End-to-end credit scoring pipeline: SQL feature engineering → 4-model ensemble comparison → business-aware threshold optimization → Django + FastAPI deployment on Render.
🌐 Live Demo: credit-risk-ai.onrender.com
Built to simulate how a real fintech company engineers, trains, and serves a credit scoring model. The system covers:
- SQL-first feature engineering from 4 normalized database tables (66 engineered features)

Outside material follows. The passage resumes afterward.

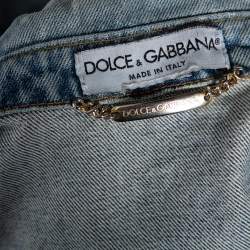 مملوكة مسبقًا Dolce & Gabbana Vintage Blue Distressed Denim Open Front Jacket M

- Production-grade preprocessing pipeline with MNAR-aware imputation, ordinal + one-hot encoding, and dual scaling strategies
- 4-model comparison with
RandomizedSearchCVtuning andStratifiedKFoldcross-validation - Business-aware threshold optimization using a cost matrix calibrated to real lending economics (₹91.2L savings demonstrated)

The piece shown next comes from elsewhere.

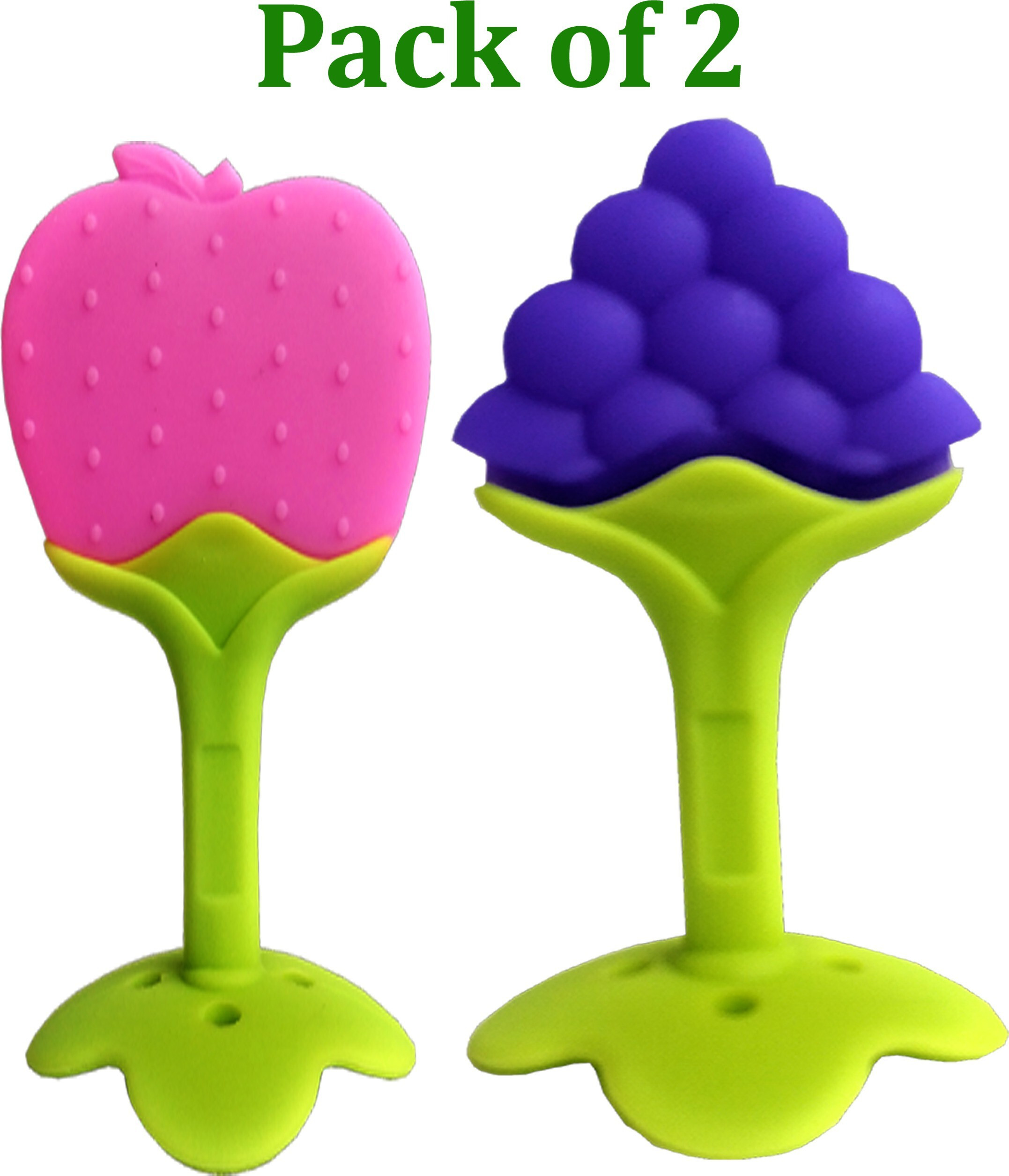 swito mart Fruit Shape Silicone Teethers Soft Stick Chews Nibbler for Baby Dental Care Teether image 1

- Versioned model registry with rollback support and metadata tracking
- Django web app with SHAP explainability, animated prediction gauge, and model dashboard
- FastAPI ML microservice with Pydantic validation, Swagger docs, and health monitoring
- Full deployment stack: Docker Compose (local) + Render Blueprint (cloud)
Credit_Risk_ML/
├── database/ # Data generation & SQL feature engineering
│ ├── schema.sql # 4-table normalized schema (customers, loans, credit_history, payments)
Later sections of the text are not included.